Family Trusts (beneficiaries of the Trust A)

With respect to the beneficiaries of the Trust A (the Family Trusts), it is necessary to determine the nature of their interest in the shares in Company A. In the present circumstance, former section 160APHL would allocate a position to the beneficiaries of the Trust A in respect to their interest in the shares to the extent that the beneficiaries have a vested and indefeasible interest in the Company A shares.

An examination of the Trust Deed would indicate that such an interest does not exist. However, in the circumstances the Commissioner would exercise the discretion available to him in former subsection 160APHL(14) of the ITAA 1936 to determine the interest to be taken to be vested and indefeasible. As such, the beneficiaries (the Family Trusts) would be capable of being qualified persons if they hold their interest for the primary qualification period, as assumed.

Beneficiaries of the Family Trusts

As the trustee of each Family Trust is a qualified person, it is necessary to consider whether the beneficiaries of each Family Trust are also a qualified person.

Former subsection 160APHL(7) of the ITAA 1936 provides that at a taxpayer's interest in a share is a long position with a delta of +1 in relation to itself.
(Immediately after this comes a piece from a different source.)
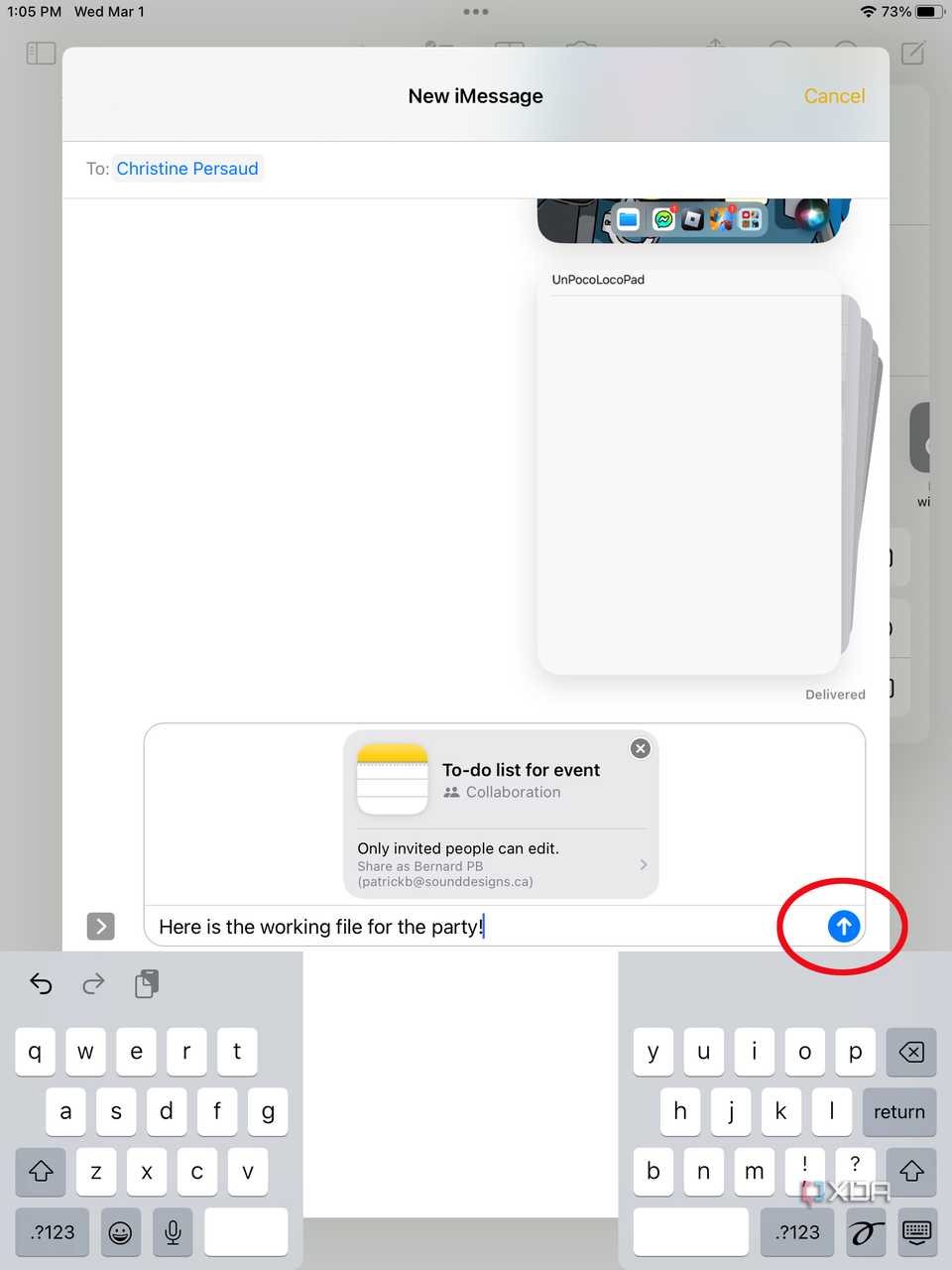 iphone ipad collaborate 6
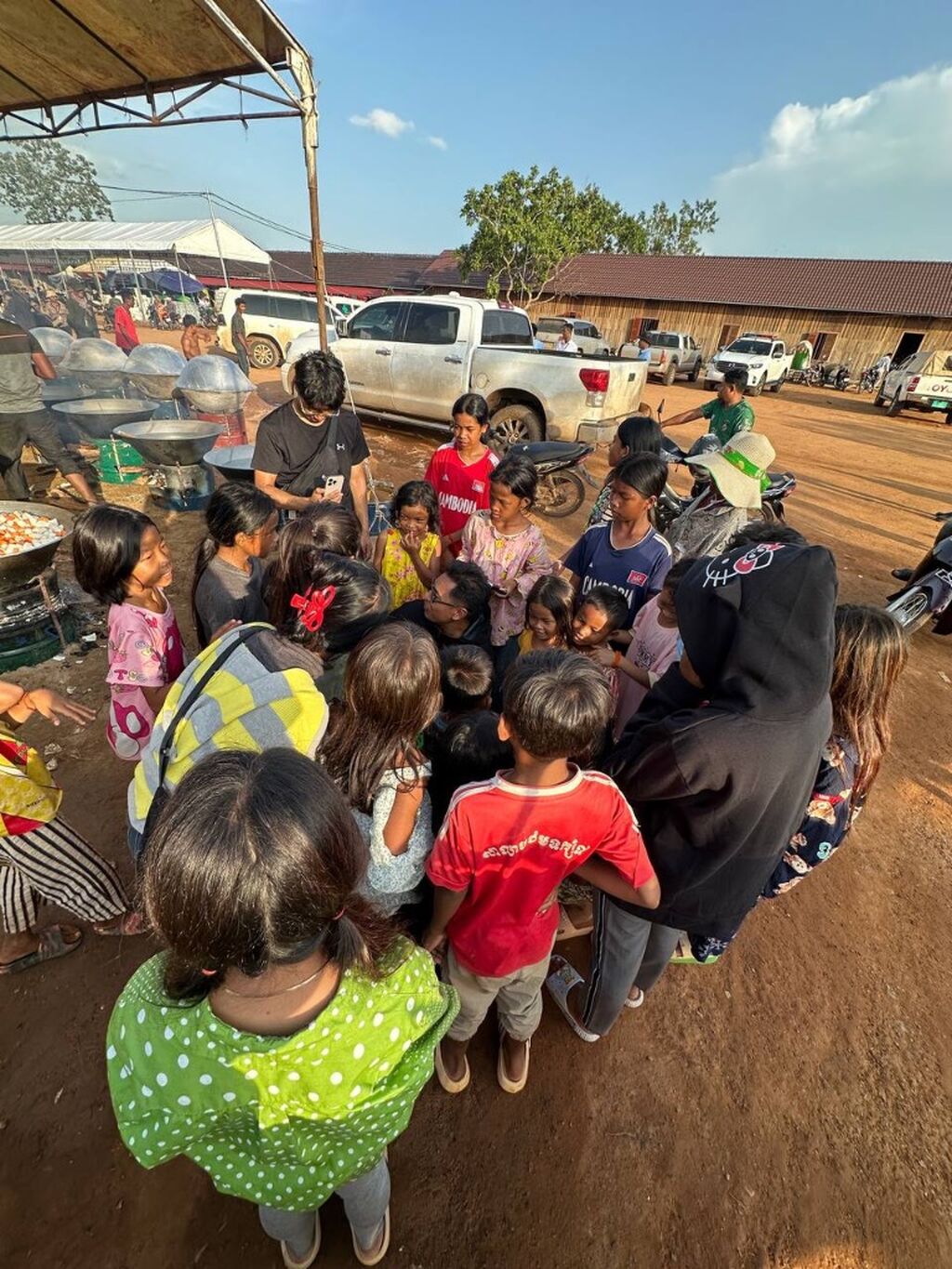 CAGNOTTE en pause - Aide humanitaire pour les d&eacute;plac&eacute;s cambodgiens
Former subsection 160APHL(10) of the ITAA 1936 explains that in certain circumstances the taxpayer will have an additional short position equal to the taxpayer's long position that arose under former subsection 160APHL(7).

However as there are family trust elections in place the additional short position otherwise imposed by subsection 160APHL(10) of the ITAA 1936 will not be deemed. The beneficiaries would be taken to have a position with a delta of +1 with respect to their interest in the Company A shares pursuant to the operation of former section 160APHL of the ITAA 1936. If this position is held at risk for the relevant qualification period, the beneficiaries are also capable of being qualified persons with respect to the franked distribution that flows indirectly to them.

As such, subsection 207-150(1) of the ITAA 1997 would not operate to deny a tax offset entitlement in the circumstances of the distribution described in this ruling.